Tlslite-ng
ChriDr opened this issue · 4 comments
Hi Jurriaan,
i have taken a look at the code of httpreplay, because i had some issues during the decrytion of https traffic with cuckoo. My thoughts about these issues are that you are using tlslite within the code, but tlslite does not support newer cipher suites. Whereas within the code of setup.py you are using tlslite-ng as dependency and not tlslite.
Is that just a typing error that smegma.py is using tlslite as importing library?!?
Cheers,
Hey :)
So the tlslite-ng is, let's say, tlslite plus more. However, the library is still imported through tlslite.
It is true that last I checked not all cipher suites are supported, this is quite a shame as it limits httpreplay's capabilities.. It is therefore somewhere on the todo list to replace the usage of tlslite-ng by mbedTLS, another open source project but better maintained given its wide usage (used to be PolarSSL and then got bought by ARM). As you can imagine this requires a couple of days of development which I unfortunately don't have free time available for.

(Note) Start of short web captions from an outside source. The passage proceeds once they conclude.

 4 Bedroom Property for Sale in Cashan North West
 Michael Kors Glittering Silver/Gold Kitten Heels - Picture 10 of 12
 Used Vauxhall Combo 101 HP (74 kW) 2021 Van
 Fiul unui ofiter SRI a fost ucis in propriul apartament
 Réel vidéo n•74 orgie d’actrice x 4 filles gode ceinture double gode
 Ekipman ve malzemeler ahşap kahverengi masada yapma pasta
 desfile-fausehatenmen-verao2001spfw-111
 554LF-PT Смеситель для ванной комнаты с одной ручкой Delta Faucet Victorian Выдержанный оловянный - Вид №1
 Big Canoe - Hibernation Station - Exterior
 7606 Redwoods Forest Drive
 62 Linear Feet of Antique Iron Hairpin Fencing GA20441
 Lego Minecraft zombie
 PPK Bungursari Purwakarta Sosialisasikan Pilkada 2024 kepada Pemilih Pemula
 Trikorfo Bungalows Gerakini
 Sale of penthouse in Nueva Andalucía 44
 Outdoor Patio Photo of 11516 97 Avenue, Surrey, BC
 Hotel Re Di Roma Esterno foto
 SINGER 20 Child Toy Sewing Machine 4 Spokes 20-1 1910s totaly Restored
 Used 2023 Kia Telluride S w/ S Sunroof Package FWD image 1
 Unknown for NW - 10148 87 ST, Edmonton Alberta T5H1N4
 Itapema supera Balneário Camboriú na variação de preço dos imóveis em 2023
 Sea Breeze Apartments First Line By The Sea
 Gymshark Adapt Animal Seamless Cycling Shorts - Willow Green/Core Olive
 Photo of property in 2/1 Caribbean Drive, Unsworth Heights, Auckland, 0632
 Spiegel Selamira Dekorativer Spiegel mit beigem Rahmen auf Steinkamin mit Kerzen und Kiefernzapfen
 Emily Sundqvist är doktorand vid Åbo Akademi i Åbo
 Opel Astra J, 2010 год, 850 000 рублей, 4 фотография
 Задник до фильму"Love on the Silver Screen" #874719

Hope that cleared some up.. if you have any other questions please do let me know :)
Jurriaan
In recent developments, httpreplay is now able to decrypt those cipher suites that were causing issues before (namely, 0xc009 and 0xc00a). Please upgrade to the latest version ;-)
Let me know if you run into any other issues!
Jurriaan
Hi Jurriaan :). I will try it, but I am off for a week so I take a look into it in a week. I very much appreciate your efforts. Thank you so much!
Going to close this issue as resolved. Please feel free to open another issue if you run into any issues.